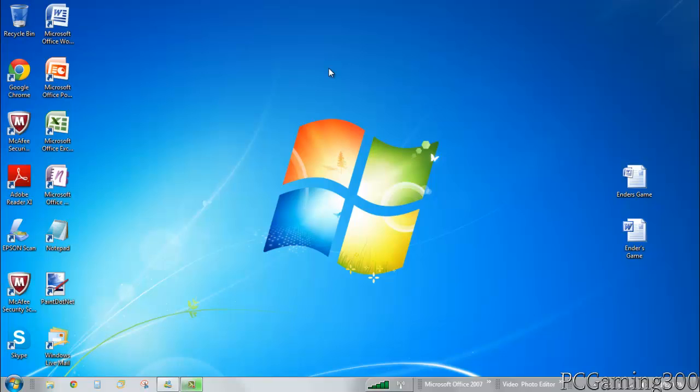What is up guys, this is PC Gaming 300 back for another tutorial. In this tutorial, I'm going to be showing you how to upgrade the amount of RAM you have on your computer for completely free. This is completely legal; Microsoft allows you to do this. It requires no downloads, nothing from the internet. You can do this all even if you have no internet.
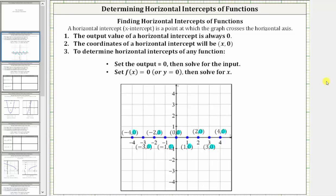In this video, we will be determining the horizontal intercepts of various functions. A horizontal intercept, often referred to as an x-intercept, is a point at which the graph crosses or intersects the horizontal axis. If we take a look at the graph below, notice how for all these points on the horizontal axis, the y value or function value is equal to zero.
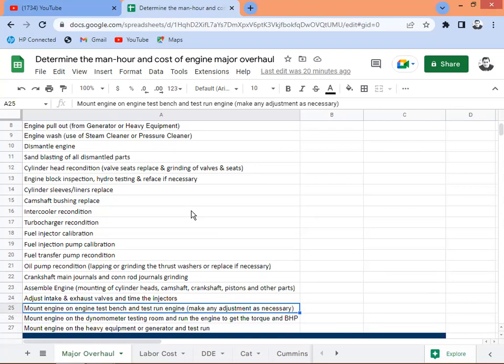The mechanic mounts the engine on a test bench. Most motor pools have test bins where they run the engine before reinstalling it in the generator or heavy equipment. This ensures there are no adjustment problems, no oil leaks, and the engine is 100% ready for installation. They test run the engine and make any necessary adjustments.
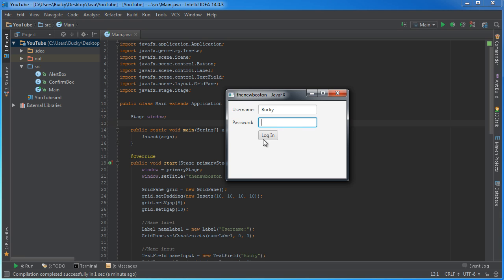But yeah, there you go. Click log in. Nothing happens. Beautiful. However, we now know how to use grid panes. So actually, in the next tutorial, what I'll show you guys how to do is actually get input from the user so we can actually extract these values and use them in our program. It's going to be sweet. So we'll see you then.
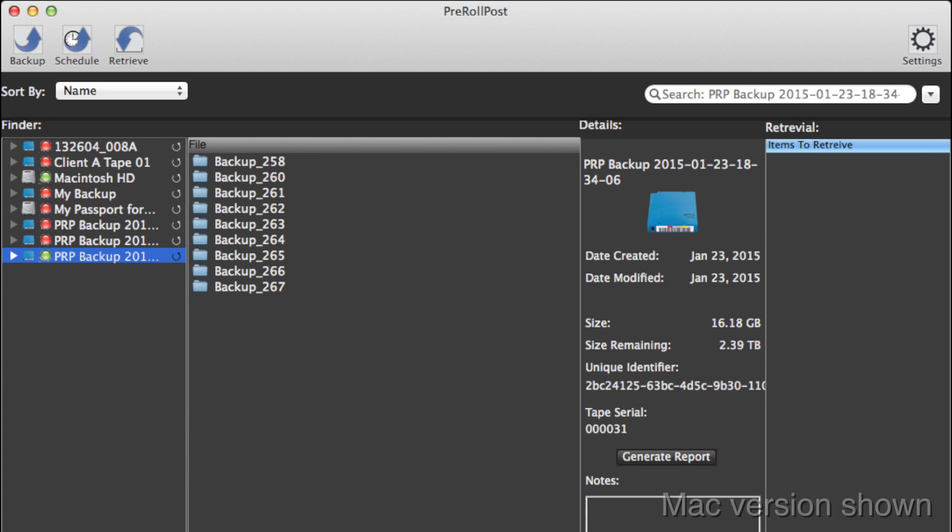It takes advantage of the Linear Tape File System, or LTFS, so tapes mount just like a hard drive. It's an open standard, so no proprietary software or formatting is needed.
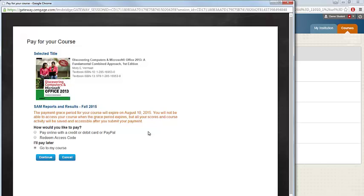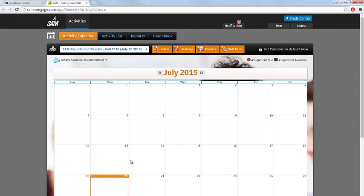Once you have registered your access code, you will not be asked for that information again. For each subsequent access, you'll be directed right into the SAM activity that you selected. Thank you.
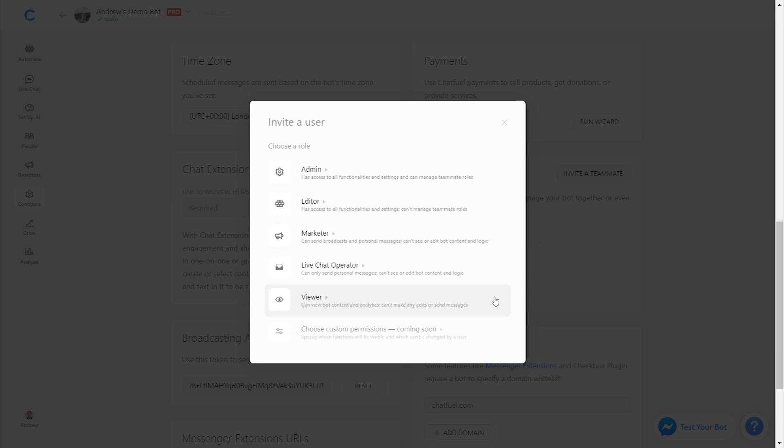At the very bottom, we will have the ability in the future for you to pick and choose what permissions you want to give to specific users, which is super exciting, so you can customize this as much as possible.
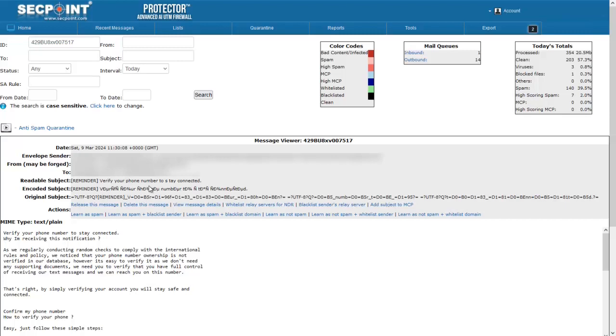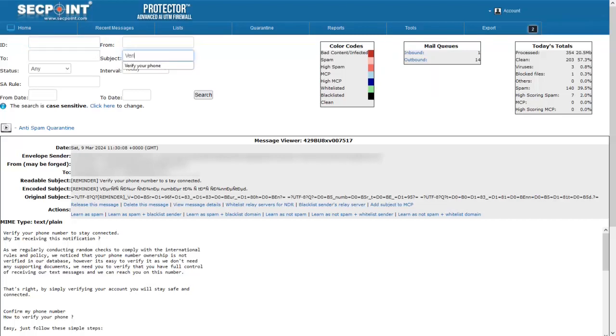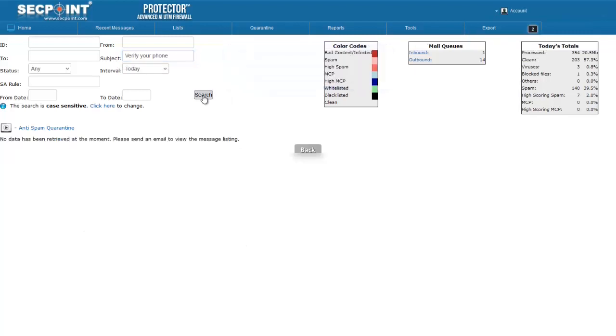We can see an example with the search filter of the mail archiver. However, if we just type 'verify your phone' and we search for this email, the search filter will not retrieve anything, because the text that we typed is different from the original text.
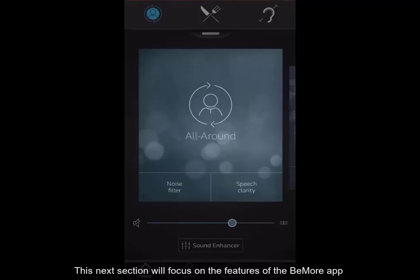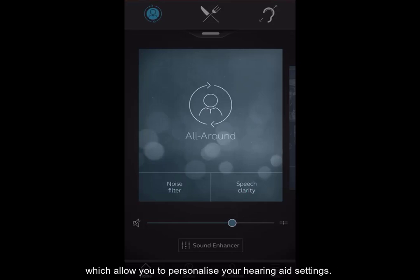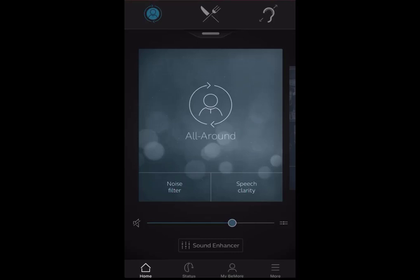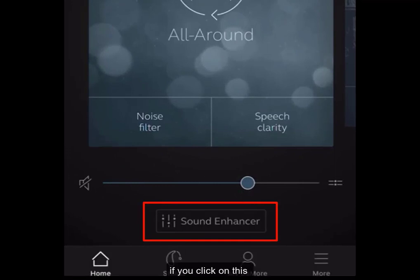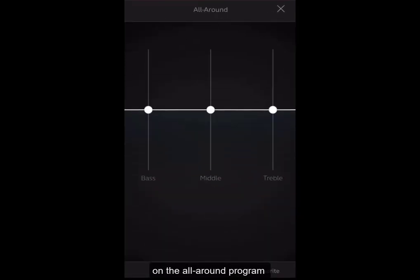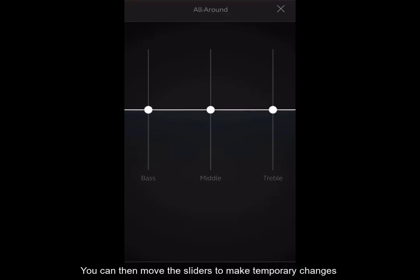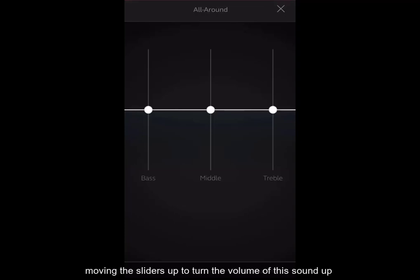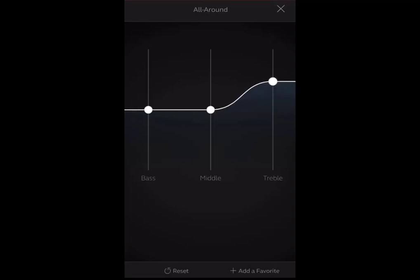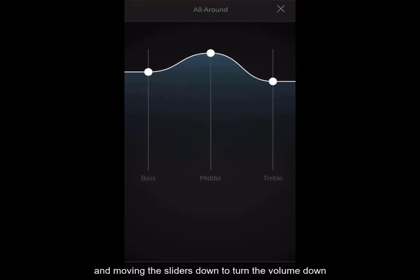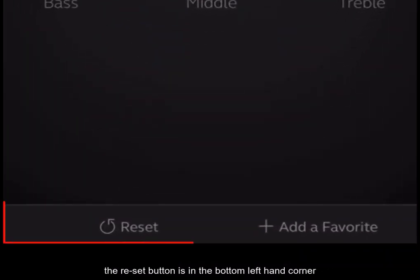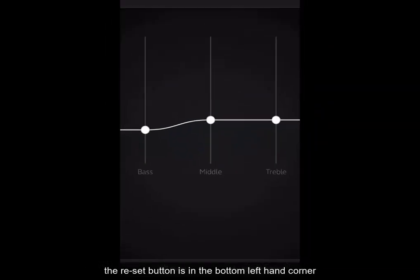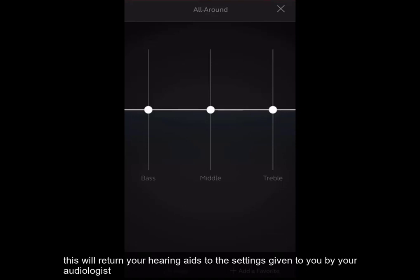The next section of this video will focus on the features of the Be More app which allow you to personalise your hearing aid settings. On each program, you will see a sound enhancer button towards the bottom of the screen. If you click on this on the All Around program, you will see a bass, middle, treble graph. You can then move the sliders to make temporary changes to the bass, middle or treble — moving the sliders up to turn the volume of this sound up, and moving the sliders down to turn the volume of this sound down. If you make a change which you do not like, the reset button is in the bottom left hand corner. This will return your hearing aids to the settings given to you by your audiologist.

-----

• _Your task_
In the copy, each entry above must match exactly, and no picture may be carried over.

• _Task answer_
What is up guys, this is PC Gaming 300 back for another tutorial. In this tutorial, I'm going to be showing you how to upgrade the amount of RAM you have on your computer for completely free. This is completely legal; Microsoft allows you to do this. It requires no downloads, nothing from the internet. You can do this all even if you have no internet.
In this video, we will be determining the horizontal intercepts of various functions. A horizontal intercept, often referred to as an x-intercept, is a point at which the graph crosses or intersects the horizontal axis. If we take a look at the graph below, notice how for all these points on the horizontal axis, the y value or function value is equal to zero.
The mechanic mounts the engine on a test bench. Most motor pools have test bins where they run the engine before reinstalling it in the generator or heavy equipment. This ensures there are no adjustment problems, no oil leaks, and the engine is 100% ready for installation. They test run the engine and make any necessary adjustments.
But yeah, there you go. Click log in. Nothing happens. Beautiful. However, we now know how to use grid panes. So actually, in the next tutorial, what I'll show you guys how to do is actually get input from the user so we can actually extract these values and use them in our program. It's going to be sweet. So we'll see you then.
It takes advantage of the Linear Tape File System, or LTFS, so tapes mount just like a hard drive. It's an open standard, so no proprietary software or formatting is needed.
Once you have registered your access code, you will not be asked for that information again. For each subsequent access, you'll be directed right into the SAM activity that you selected. Thank you.
At the very bottom, we will have the ability in the future for you to pick and choose what permissions you want to give to specific users, which is super exciting, so you can customize this as much as possible.
We can see an example with the search filter of the mail archiver. However, if we just type 'verify your phone' and we search for this email, the search filter will not retrieve anything, because the text that we typed is different from the original text.
The next section of this video will focus on the features of the Be More app which allow you to personalise your hearing aid settings. On each program, you will see a sound enhancer button towards the bottom of the screen. If you click on this on the All Around program, you will see a bass, middle, treble graph. You can then move the sliders to make temporary changes to the bass, middle or treble — moving the sliders up to turn the volume of this sound up, and moving the sliders down to turn the volume of this sound down. If you make a change which you do not like, the reset button is in the bottom left hand corner. This will return your hearing aids to the settings given to you by your audiologist.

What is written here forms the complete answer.